Chain store sales are released Thursday, an important measure for obvious reasons (consumer spending accounts for 70% of the U.S. economy). The number reflects monthly sales volumes measured against sales from the same month in the previous year. Also released Thursday is the ADP employment report and initial jobless claims. The ADP report (which measures private sector hiring) missed expectations by a wide margin (119,000 vs. estimate of 170,000) when it was last reported on May 2. Investors should eye this number closely as it often serves as an early warning sign of a bad NFP report to come.

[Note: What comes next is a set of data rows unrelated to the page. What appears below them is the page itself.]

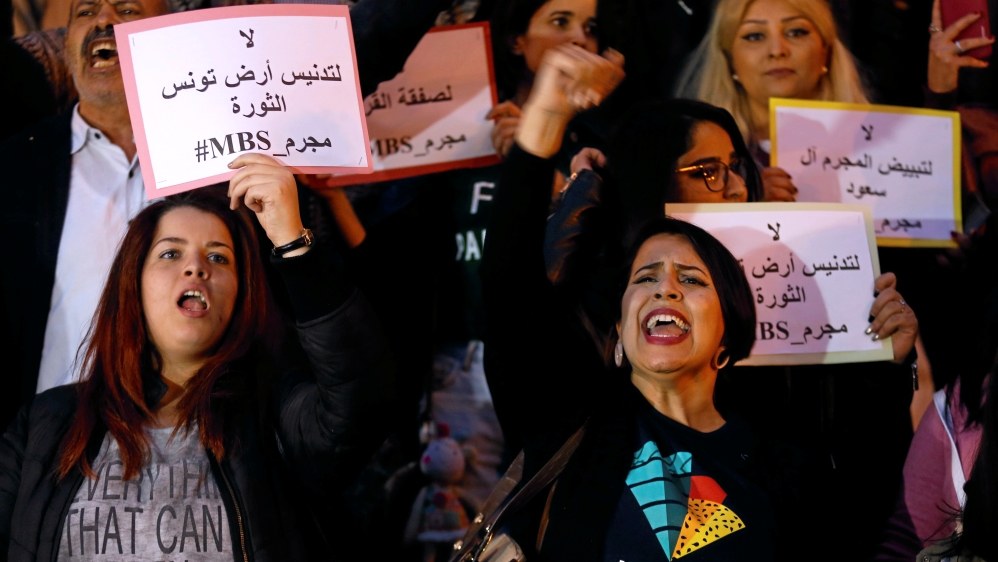 Protesters shout slogans and hold signs opposing visit of Saudi Arabia''s MBS in Tunis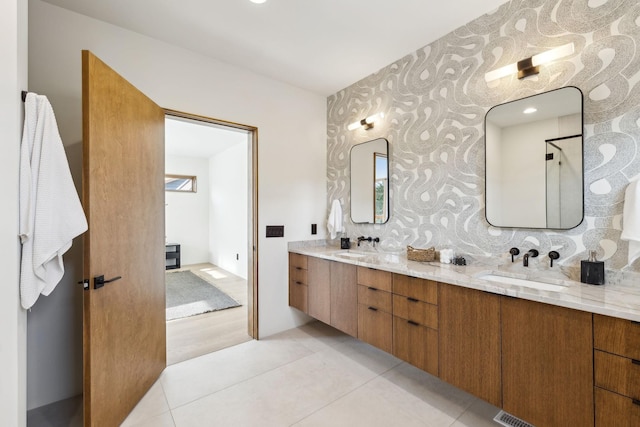 bathroom featuring tile patterned floors, a sink, and double vanity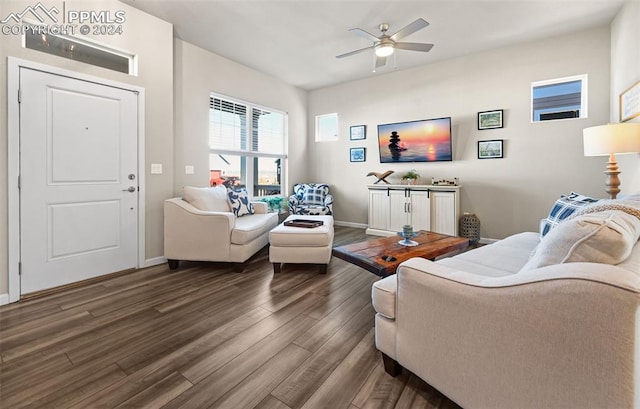 living room featuring ceiling fan and dark wood-type flooring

On Friday, traders will get the non-farm payroll number, which should have a significant impact on the market. Recall that April's NFP report came in at 115,000 vs. expectations of 162,000, just slightly better than the debacle that was the March report, when investors got a pass as the dismal print (120k vs. expectations of 205k) was released on Good Friday when markets were closed. All in all then, investors will get a feel for the housing market (via Case-Shiller), the consumer (via consumer confidence and retail sales), and employment (via the ADP report, weekly claims, and the NFP report). While investors' confidence has remained largely unshaken in the midst of the European crisis (forgive me, but a 5.7% month-to-date decline in the S&P is nowhere near the pull back we should be seeing given the situation overseas), next week's economic reports could truly challenge the prevailing view that 'everything is going to be okay'.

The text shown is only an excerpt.